• Goal of the exercise
Could you write out, word for word, only the lines from the one containing "第36话_喜欢的类型14" through the last line of the data below?

• Caption-style text data
== Segment start ==

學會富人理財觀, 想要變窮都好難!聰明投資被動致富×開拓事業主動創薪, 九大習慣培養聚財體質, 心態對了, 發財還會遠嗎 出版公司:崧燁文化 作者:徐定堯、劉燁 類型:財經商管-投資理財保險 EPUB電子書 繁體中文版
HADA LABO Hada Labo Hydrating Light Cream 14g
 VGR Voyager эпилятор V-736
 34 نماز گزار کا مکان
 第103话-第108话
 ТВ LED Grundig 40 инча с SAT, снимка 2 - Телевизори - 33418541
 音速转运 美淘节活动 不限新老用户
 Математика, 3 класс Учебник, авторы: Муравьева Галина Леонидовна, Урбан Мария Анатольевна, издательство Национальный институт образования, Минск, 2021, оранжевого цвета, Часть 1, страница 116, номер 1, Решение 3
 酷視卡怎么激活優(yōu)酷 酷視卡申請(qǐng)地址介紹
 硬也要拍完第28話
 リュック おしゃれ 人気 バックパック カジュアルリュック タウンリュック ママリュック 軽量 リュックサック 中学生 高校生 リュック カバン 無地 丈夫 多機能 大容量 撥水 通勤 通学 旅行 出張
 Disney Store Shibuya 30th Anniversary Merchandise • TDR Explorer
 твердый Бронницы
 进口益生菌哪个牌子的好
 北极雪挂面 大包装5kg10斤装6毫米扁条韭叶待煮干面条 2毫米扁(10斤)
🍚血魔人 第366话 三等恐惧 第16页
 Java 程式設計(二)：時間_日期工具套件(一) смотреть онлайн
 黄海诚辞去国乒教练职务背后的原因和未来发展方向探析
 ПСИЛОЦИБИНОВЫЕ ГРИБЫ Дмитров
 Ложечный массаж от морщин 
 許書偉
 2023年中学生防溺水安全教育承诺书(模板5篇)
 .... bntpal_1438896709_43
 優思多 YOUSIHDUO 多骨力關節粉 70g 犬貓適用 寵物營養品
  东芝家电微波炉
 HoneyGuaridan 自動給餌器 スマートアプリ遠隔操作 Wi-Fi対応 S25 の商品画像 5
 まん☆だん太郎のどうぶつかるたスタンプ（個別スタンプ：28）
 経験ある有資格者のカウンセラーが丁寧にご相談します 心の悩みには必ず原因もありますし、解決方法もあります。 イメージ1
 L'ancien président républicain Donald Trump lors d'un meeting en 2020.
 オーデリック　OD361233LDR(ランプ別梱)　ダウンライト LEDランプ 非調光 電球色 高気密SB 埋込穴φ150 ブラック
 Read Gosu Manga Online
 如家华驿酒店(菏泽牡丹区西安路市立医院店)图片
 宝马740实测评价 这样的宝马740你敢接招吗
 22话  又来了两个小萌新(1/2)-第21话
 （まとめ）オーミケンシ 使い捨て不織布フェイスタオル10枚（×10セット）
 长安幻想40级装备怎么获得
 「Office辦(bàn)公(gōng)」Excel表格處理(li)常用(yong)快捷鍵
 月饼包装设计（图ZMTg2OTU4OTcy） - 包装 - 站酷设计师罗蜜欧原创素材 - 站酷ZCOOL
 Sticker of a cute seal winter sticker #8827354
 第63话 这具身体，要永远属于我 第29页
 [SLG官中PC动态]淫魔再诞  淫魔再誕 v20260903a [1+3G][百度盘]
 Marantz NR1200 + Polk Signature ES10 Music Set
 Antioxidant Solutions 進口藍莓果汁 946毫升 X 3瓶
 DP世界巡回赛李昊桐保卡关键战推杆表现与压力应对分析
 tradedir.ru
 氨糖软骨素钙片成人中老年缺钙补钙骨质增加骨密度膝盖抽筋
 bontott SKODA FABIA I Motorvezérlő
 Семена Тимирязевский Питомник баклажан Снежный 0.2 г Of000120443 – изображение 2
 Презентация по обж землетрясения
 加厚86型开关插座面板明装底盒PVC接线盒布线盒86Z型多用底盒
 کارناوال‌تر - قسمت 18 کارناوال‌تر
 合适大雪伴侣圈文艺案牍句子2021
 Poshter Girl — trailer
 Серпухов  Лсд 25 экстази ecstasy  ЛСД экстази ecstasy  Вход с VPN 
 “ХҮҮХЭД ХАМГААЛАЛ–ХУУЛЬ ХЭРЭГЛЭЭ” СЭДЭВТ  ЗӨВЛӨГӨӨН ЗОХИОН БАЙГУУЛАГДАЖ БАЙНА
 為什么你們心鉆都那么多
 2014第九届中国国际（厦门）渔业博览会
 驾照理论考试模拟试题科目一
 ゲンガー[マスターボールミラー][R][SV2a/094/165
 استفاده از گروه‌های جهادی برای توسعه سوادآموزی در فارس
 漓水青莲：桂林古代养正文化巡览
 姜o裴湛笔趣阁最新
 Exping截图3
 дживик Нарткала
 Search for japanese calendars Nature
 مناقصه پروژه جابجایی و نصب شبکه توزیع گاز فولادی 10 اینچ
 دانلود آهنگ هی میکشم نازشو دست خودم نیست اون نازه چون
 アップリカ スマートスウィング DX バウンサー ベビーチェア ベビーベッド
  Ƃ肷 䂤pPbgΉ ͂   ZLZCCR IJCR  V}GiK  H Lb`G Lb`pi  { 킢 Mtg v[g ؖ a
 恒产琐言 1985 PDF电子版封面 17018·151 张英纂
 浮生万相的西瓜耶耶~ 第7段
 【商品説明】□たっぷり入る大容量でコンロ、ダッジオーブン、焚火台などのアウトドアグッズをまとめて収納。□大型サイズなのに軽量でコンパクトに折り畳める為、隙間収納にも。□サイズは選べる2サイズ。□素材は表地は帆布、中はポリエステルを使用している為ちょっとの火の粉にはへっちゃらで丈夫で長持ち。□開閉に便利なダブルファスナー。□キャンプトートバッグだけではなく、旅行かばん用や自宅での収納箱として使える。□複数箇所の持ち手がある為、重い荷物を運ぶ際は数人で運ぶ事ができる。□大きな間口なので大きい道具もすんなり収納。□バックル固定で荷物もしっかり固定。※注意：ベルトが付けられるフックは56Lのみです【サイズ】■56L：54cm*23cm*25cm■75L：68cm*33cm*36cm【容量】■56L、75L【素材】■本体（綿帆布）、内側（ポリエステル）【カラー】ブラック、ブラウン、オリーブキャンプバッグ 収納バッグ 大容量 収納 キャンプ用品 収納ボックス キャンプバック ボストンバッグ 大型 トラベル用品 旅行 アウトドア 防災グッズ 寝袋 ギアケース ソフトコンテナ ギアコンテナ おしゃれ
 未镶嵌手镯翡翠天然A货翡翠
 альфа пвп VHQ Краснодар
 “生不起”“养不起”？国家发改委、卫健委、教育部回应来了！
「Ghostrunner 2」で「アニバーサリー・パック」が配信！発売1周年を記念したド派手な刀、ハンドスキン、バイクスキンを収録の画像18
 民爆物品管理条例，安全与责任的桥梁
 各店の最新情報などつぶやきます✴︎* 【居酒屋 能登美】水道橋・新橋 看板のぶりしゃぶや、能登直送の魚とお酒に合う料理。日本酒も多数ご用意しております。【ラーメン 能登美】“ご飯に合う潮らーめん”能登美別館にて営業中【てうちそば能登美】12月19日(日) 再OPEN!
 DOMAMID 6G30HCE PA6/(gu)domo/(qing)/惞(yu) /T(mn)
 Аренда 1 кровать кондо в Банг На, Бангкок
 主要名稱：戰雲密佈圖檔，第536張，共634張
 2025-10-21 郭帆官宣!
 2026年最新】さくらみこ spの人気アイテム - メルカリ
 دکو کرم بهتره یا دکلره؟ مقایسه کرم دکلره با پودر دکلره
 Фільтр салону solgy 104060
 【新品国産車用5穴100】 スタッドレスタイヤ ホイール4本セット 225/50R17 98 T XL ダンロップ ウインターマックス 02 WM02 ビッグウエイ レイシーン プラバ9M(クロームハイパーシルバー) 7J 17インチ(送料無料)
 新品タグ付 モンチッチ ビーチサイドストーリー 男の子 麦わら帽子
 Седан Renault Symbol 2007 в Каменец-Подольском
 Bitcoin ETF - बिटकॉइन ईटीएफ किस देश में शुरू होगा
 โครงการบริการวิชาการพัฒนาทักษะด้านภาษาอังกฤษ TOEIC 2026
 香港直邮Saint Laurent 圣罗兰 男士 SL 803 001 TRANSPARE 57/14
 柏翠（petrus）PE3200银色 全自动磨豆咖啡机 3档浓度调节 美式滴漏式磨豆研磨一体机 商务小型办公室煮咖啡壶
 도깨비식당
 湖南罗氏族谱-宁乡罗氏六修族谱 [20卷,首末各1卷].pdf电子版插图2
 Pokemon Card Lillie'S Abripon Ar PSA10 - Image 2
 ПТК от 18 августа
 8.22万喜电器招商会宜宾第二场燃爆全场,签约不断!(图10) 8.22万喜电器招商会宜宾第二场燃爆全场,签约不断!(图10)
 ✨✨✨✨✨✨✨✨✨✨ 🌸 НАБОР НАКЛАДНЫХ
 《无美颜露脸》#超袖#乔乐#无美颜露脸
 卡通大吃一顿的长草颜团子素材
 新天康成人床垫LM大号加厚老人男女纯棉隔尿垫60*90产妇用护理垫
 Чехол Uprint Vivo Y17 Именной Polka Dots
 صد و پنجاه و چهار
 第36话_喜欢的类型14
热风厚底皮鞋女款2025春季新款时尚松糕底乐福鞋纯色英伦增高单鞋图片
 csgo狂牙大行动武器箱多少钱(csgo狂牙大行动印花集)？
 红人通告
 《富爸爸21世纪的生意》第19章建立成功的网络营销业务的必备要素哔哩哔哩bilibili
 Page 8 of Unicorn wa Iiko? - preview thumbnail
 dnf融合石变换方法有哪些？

== Segment end ==

• Task response
 第36话_喜欢的类型14
热风厚底皮鞋女款2025春季新款时尚松糕底乐福鞋纯色英伦增高单鞋图片
 csgo狂牙大行动武器箱多少钱(csgo狂牙大行动印花集)？
 红人通告
 《富爸爸21世纪的生意》第19章建立成功的网络营销业务的必备要素哔哩哔哩bilibili
 Page 8 of Unicorn wa Iiko? - preview thumbnail
 dnf融合石变换方法有哪些？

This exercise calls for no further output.